Maybe I'm misinterpreting, but it sounds like he was branded more for what he wrote than how he acted, and perhaps for the sin of being an atheist.

Yeah the whip thing with Jeanne is S&M, but not marrying his aunt. And need more info about the relationship w/the young teen while in his dotage before calling pedophilia.

I was really surprised not to find an entire laundry list of repugnant deeds done by him to others that I could really get behind and go "EEWWW!!!!"

Not so. Not for the most vile man that the bad guys were named after him.

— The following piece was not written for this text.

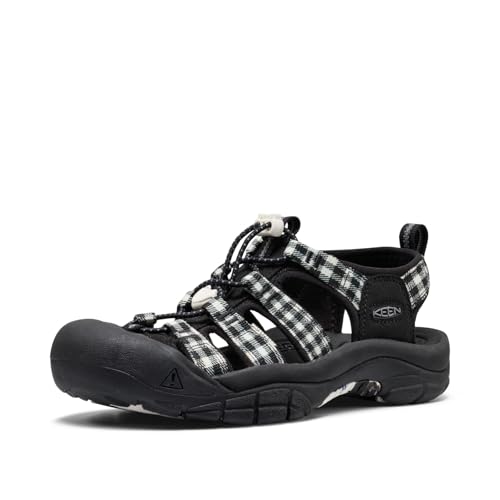 KEEN Women's Newport H2 Water Sandals Black/Gingham 10.5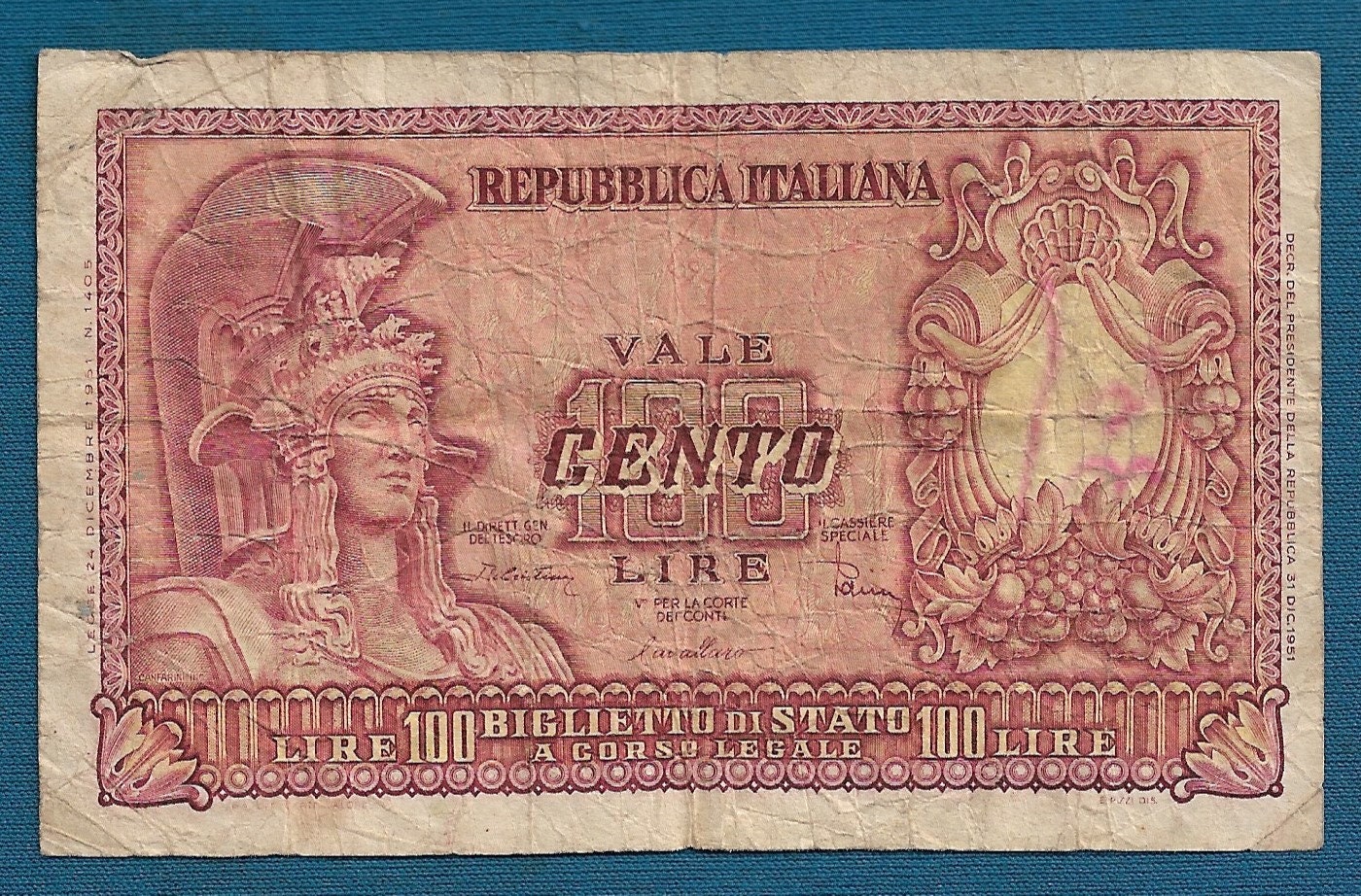 quanto vale 10 lire del 1951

Krystalline Apostate said...

karen - yeah, I got that vibe too.
He was no peach, but he wasn't the villain he was painted to be.
His sexual habits were...a tad repugnant to me, but that's 'different strokes for different folks', I suppose.
;)

PastaLaVista said...

Yes the Marquis de Sade is quite a character alright. I've read different sections of "The 120 Days of Sodom and Other Writings". It was a pretty disturbing read.

Krystalline Apostate said...

PLV - hey, how's it going?
Yeah, the Marquis was somewhere in the vicinity of Bizarro Central.
The only more modern day fella I can think of that disturbed me greatly was Bukowski. Great writer, seriously WHOA!
Him, 'n Roger Crumb - those seriously disturbed comics were on the deranged side.

PastaLaVista said...

Hey it's going great KA! Just got back from a visit to Big Bear today. Nice place. I'm familiar with Bukowski from visiting Hairless MK's site, but I must admit I've never heard of Roger Crumb. I'll have to do a little research on them both sometime. Definately put them on my to read list. Thanks for the ideas.

Krystalline Apostate said...

Bukowski's 'Ordinary Madness' is a good place to start (it used to be entitled 'Erections, ejaculations, & other forms of Ordinary Madness', but I think the PC crowd cringed).
Crumb wrote comics that were extremely disturbed. Mr. Natural, that sorta thing.